Client Alert | 2 min read | 02.06.18

The North American Electric Reliability Corporation (NERC) recently issued a Lesson Learned, highlighting a failure of internal controls at a generation facility. The notice serves as a reminder to electric generators and others responsible for compliance with reliability standards that having and implementing internal controls is essential to reliability standard compliance. NERC has in the past reminded the industry of the importance of having well-designed controls, and the need to ensure that the personnel responsible for implementing the reliability standards understand and implement such controls. The Lesson Learned highlights a failure to implement existing internal controls during battery maintenance that ultimately resulted in progressive voltage drops over transmission lines and damage to generating units. The generator apparently had adequate written internal controls that should have mitigated or prevented this event, but responsible personnel did not have or follow those written procedures during the maintenance.

In its Enterprise Guide for Internal Controls, NERC advised that operational and compliance performance, and thereby reliability, is improved when a registered entity designs and implements effective internal controls. Moreover, the presence of effective internal controls has the potential to result in lighter-handed compliance oversight by NERC and its Regional Entities, such as subjecting only the standards that govern operations of greatest reliability risk to scrutiny in an audit or other compliance monitoring process. Effective internal controls also have the potential to mitigate penalties if reliability standards violations nevertheless occur.

But having well-designed internal controls on paper is only half the battle. Even well-designed internal controls are of little value if they are not implemented, which is what the Lesson Learned highlights. In that case, the generator had a comprehensive switching plan that contained all actions to be performed in connection with opening and closing breakers during battery maintenance, such as checking if alarms were still present during the switching activity. Although the generating station operator responsible for opening and closing breakers during battery maintenance had technical instructions regarding actions to be performed on specific equipment, the operator did not have the switching plan in hand at the time. Further investigation revealed that a number of operators only followed the technical instructions, and not the switching plan. As a result, certain necessary steps were not followed and the station was left without monitoring capabilities for over an hour, during which time the progressive voltage drops went undiagnosed.

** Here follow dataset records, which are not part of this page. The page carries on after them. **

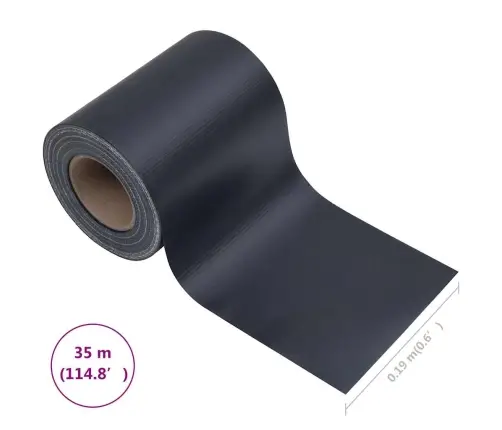 Dārza Aizslietnis, Pvc, 35X0,19 M, Matēts, Tumši Pelēks  Vidaxl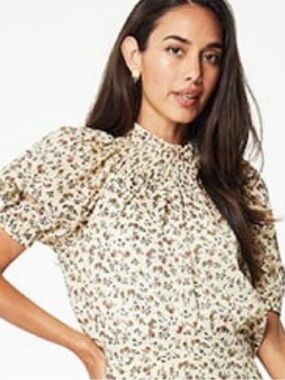 Roller Rabbit Serra Francisca Floral Blouse S Puff Sleeve Boho Cotton Cottage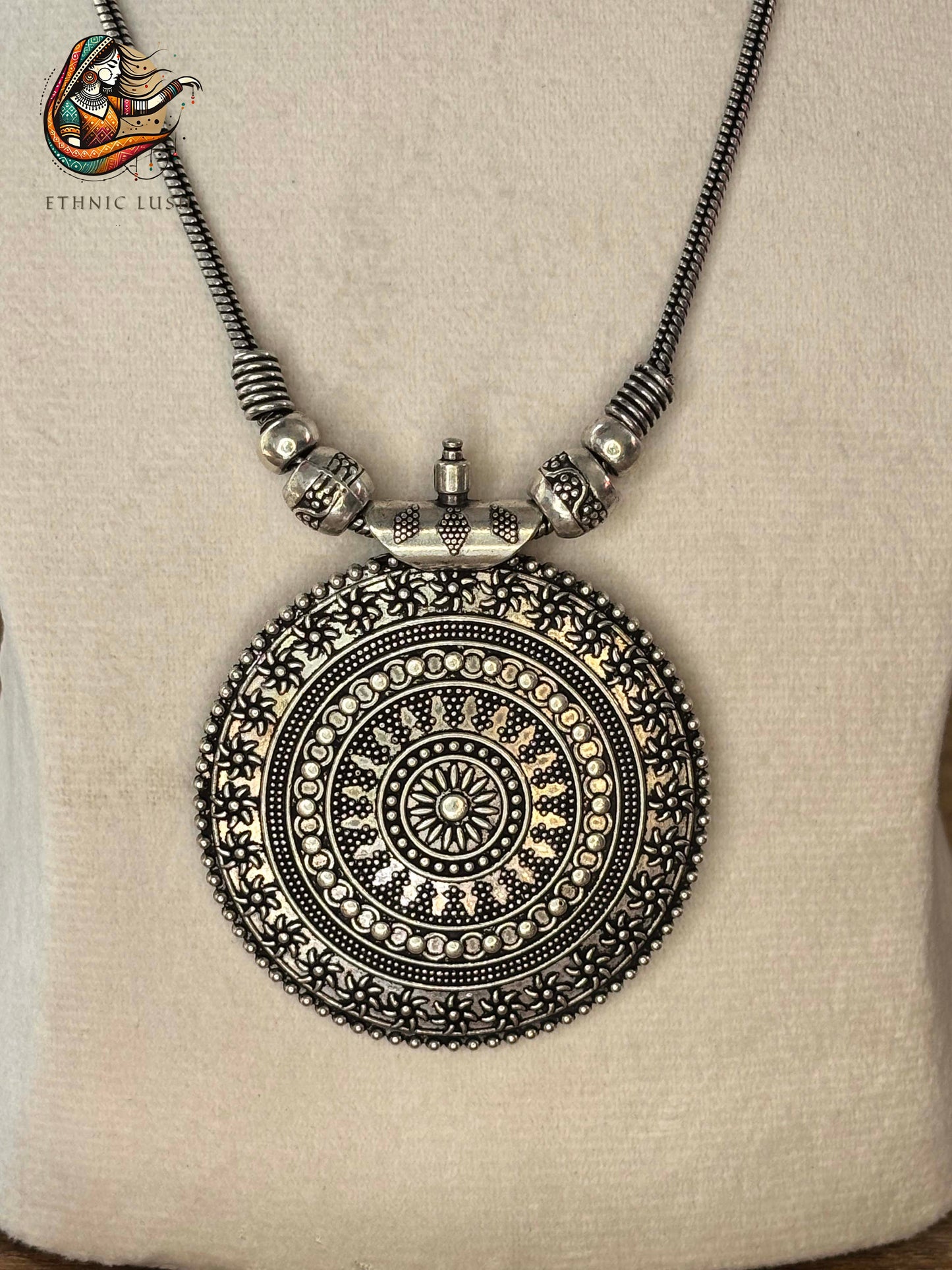 Antique Oxidized Silver Pendant Necklace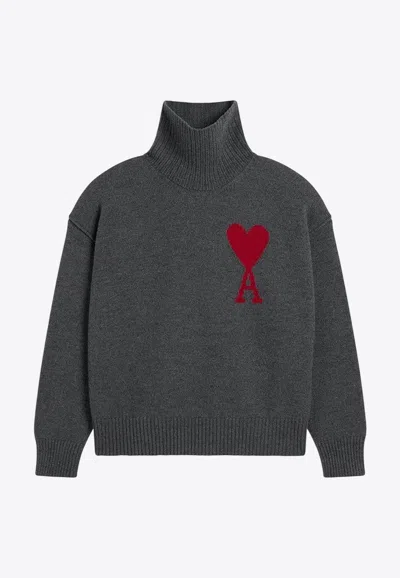 AMI ALEXANDRE MATTIUSSI AMI DE COEUR TURTLENECK WOOL SWEATER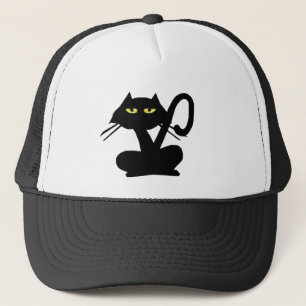 Einfacher schwarze Katzen-Hut Truckerkappe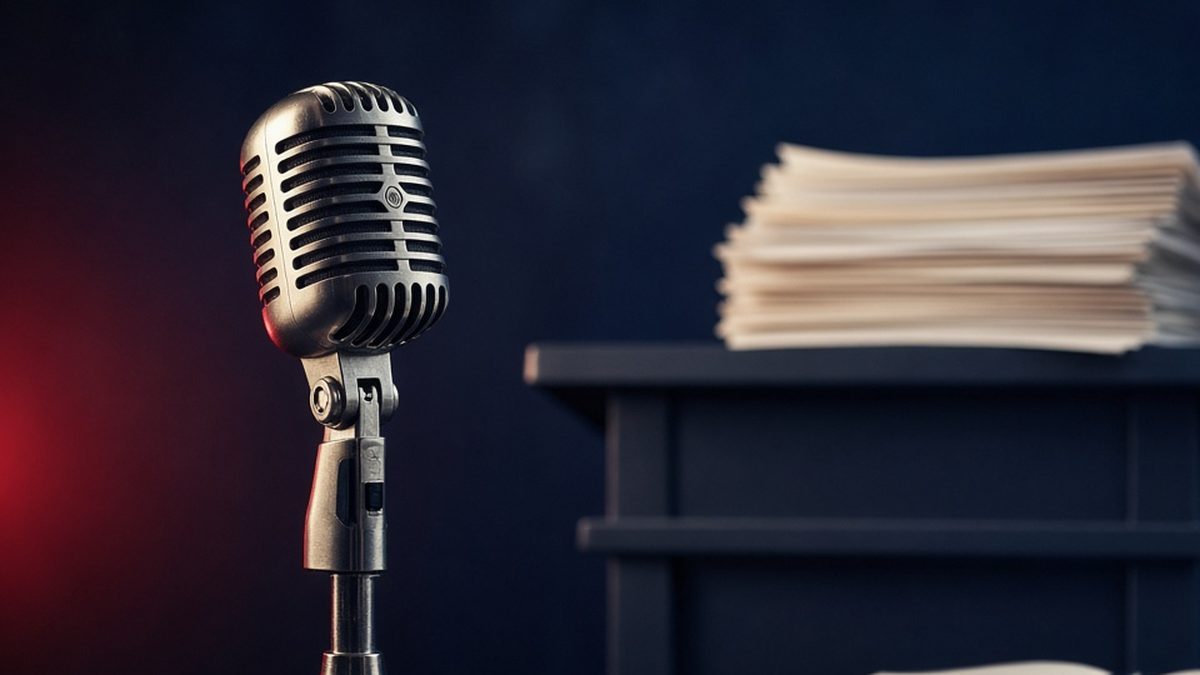 A retro microphone and a stack of official transcripts, representing a searchable database of public quotes
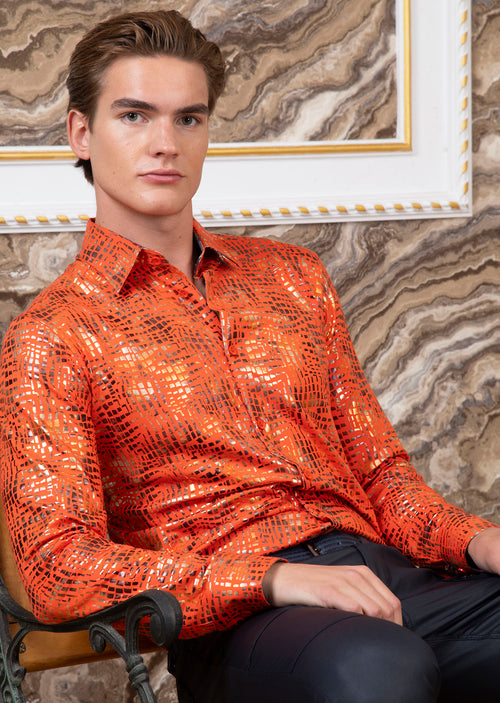 Orange Gold Marble Foil Knit Shirt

Registered entities should consider the following best practices in connection with their internal controls:

  • Raise awareness of the existence and purpose of internal controls and why it is important for employees to adhere to them.
  • Ensure that employees understand that they are responsible for understanding and implementing internal controls, and that there are consequences for failing to do so.
  • Consider periodic training of key personnel to help sensitize staff to the requirements and risks associated with failing to implement NERC-related requirements.
  • Ensure that responsible personnel have all necessary internal controls, procedures, and technical documentation in hand when performing key operations.